If you’ve been connected to the internet in the last couple of months, you’d have surely been exposed to at least one of the many advertising campaigns he has run for the myriad of his ventures. Examples include;
Deadpool (a promo with Hugh Jackman)
7,300,000 views on YouTube in 1 day
3,500,000 likes on Instagram in 1 day
13.8m views, 650,000 likes & 136k retweets in 1 day on Twitter
38,000 likes in 1 day on LinkedIn
Mint mobile (a promo with Don Vultaggio)
350k views in 8hrs on YouTube
395k likes in 8hrs on Instagram
228k, 7,750 likes and 543 retweets in 8hrs on Twitter
7,500 likes in 8hrs on Linkedin
Welcome to Wrexham (a promo with Rob McElhenney)
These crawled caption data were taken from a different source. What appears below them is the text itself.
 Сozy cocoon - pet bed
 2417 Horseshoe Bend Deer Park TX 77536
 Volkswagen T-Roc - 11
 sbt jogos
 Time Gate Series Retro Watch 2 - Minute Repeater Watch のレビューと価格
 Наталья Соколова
MNTN (a promo with Steve-O)
(And in what is now weekly updates - another video for Aviation Gin released on the 2nd of October)
Every product RR (I’m going to call him that) is involved in is ‘disruptive’, from buying a lower league football club through to keeping the same prices for his mobile companies tariffs through a global inflation crisis. The traction his products are getting is something which many marketing managers around the world will be envious of.
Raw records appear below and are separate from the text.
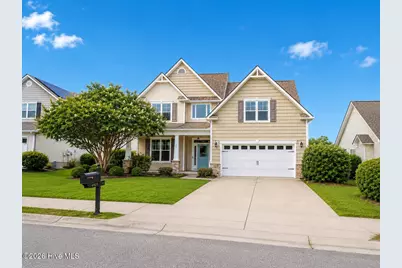 6929 Ontario Road, Wilmington, NC 28412 - Photo 2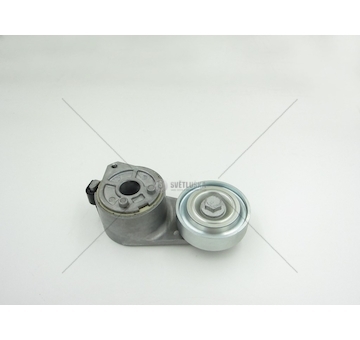 Napínák, žebrovaný klínový řemen   BYT-T077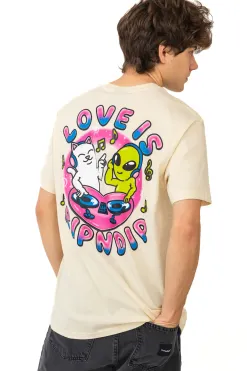 Discount Koszulka Love Is T-shirty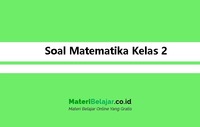 Pecahan pada Garis Bilangan - Kelas 2 - Kuis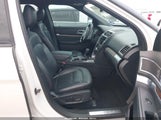 Ford Explorer Limited 1FM5K7F87KGA32715 fotografie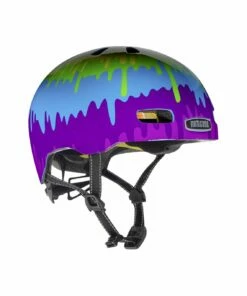 Nutcase Little Nutty Tie Dye MIPS Cykelhjelm 20 Nutcase Little Nutty Tie Dye MIPS Cykelhjelm -Deals Cykelhjelm til landevej Store nutcase little nutty tie dye mips cykelhjelm 8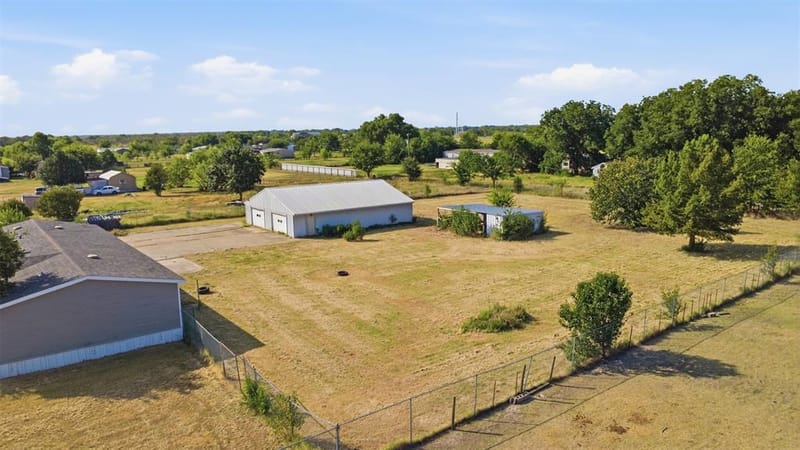 9606 Diamond Avenue, Kaufman TX 75142 - Photo 38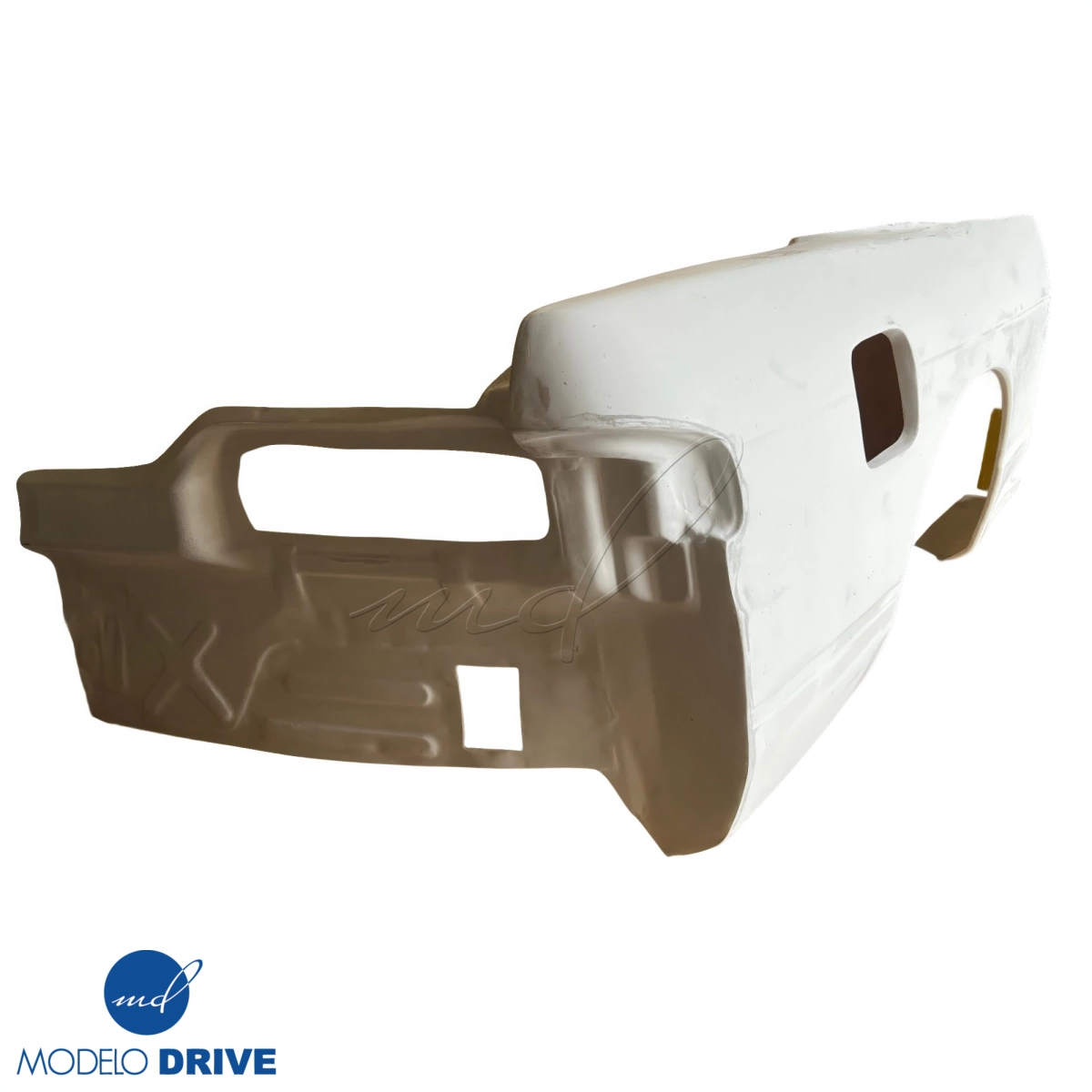 Modify your Nissan 240SX 1989 with our Exterior/Fenders - 26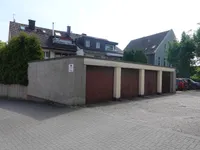 Garage im Kaufpreis enthalten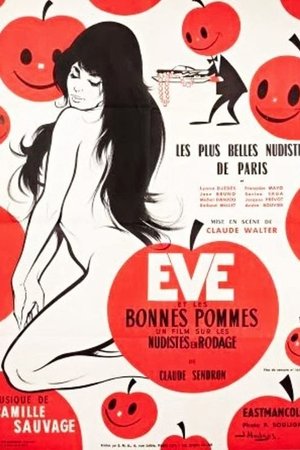 Ève et les bonnes pommes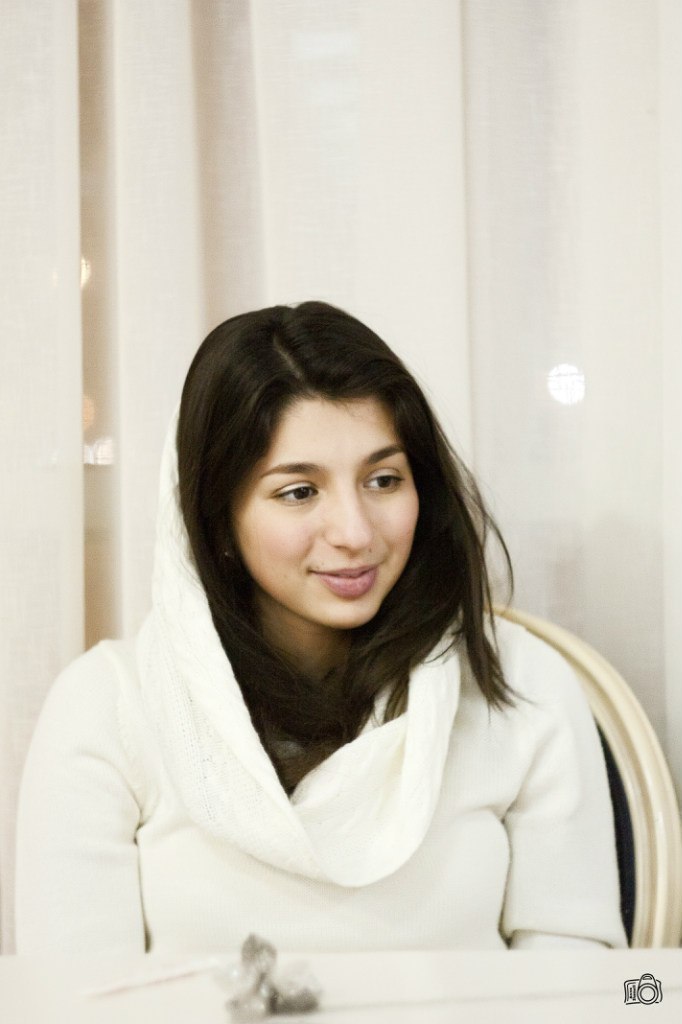 Виолетта Амирян | Харьков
RR has millions of followers on every social media platform but leveraging that following for his own value is another story. He setup a production agency called Maximum Effort which merged with a CTV tech company called MNTN (a tool for planning and buying CTV effortlessly) – he attributes a lot of his success to the combination of these two, as well as truly believing they can out-market the competition.
The formula seems to be; humorous digital video involving him and someone else + social media share + extended reach through (some light) paid CTV advertising. The campaigns appear to be a ‘one and done’ for mass reach and awareness.
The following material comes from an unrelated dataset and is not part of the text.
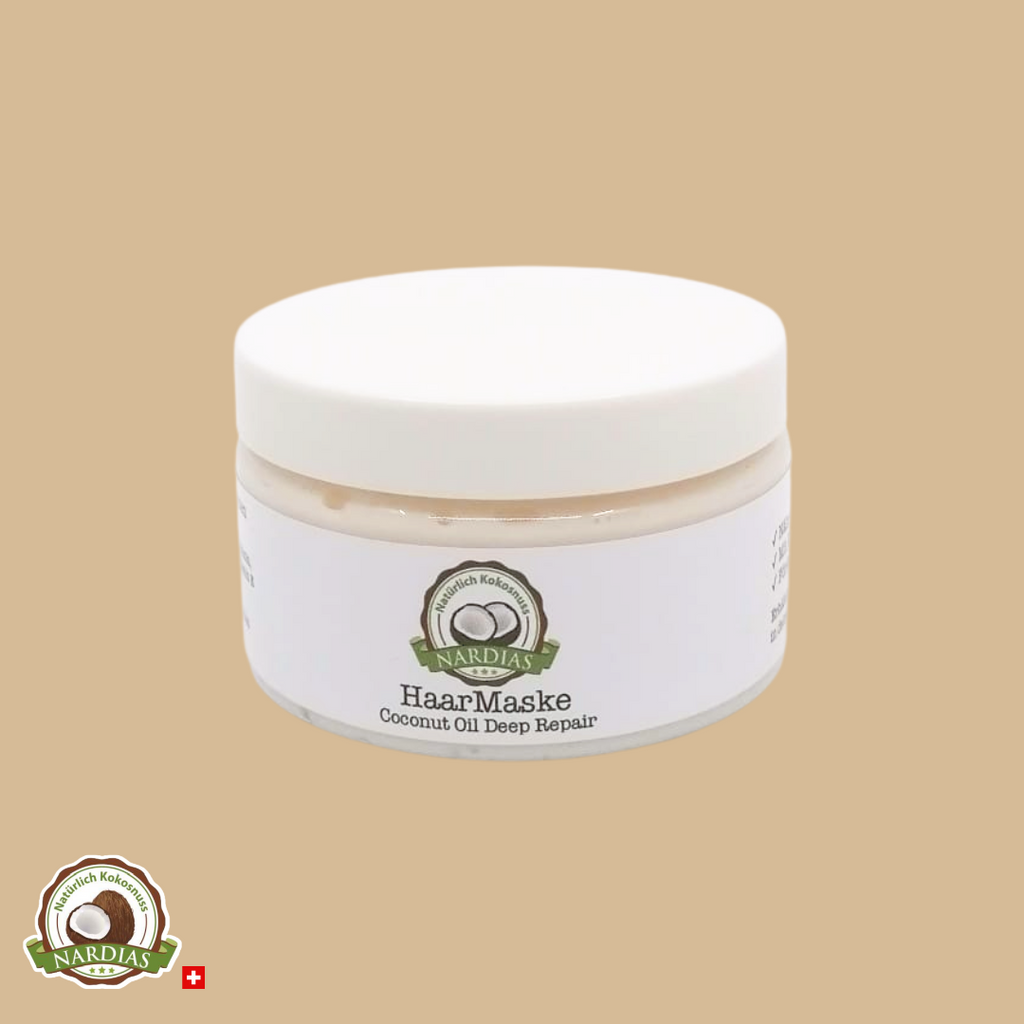 NARDIAS Haar Maske 250ml Art.360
The rub to these efforts is wondering if they will work long-term. He’s not the first to run ads which are humorous, or even the first to leverage the scale of his following. But we ad industry professionals, know good advertising isn’t only about awareness and views, it’s about conversion and sales. That requires inter-connected campaigns (and often these utilise heavy paid advertising budgets). Maybe RR doesn’t care. Maybe given his platform he doesn’t need much paid advertising. Maybe measurement is for suckers. Maybe everyone is wrong. But I’m incredibly interested to see how his approach plays out in the coming months.
One thing is for sure though, I will continue to laugh at the video’s he’s involved with, as he tries to disrupt the industry I’m involved in - the advertising one.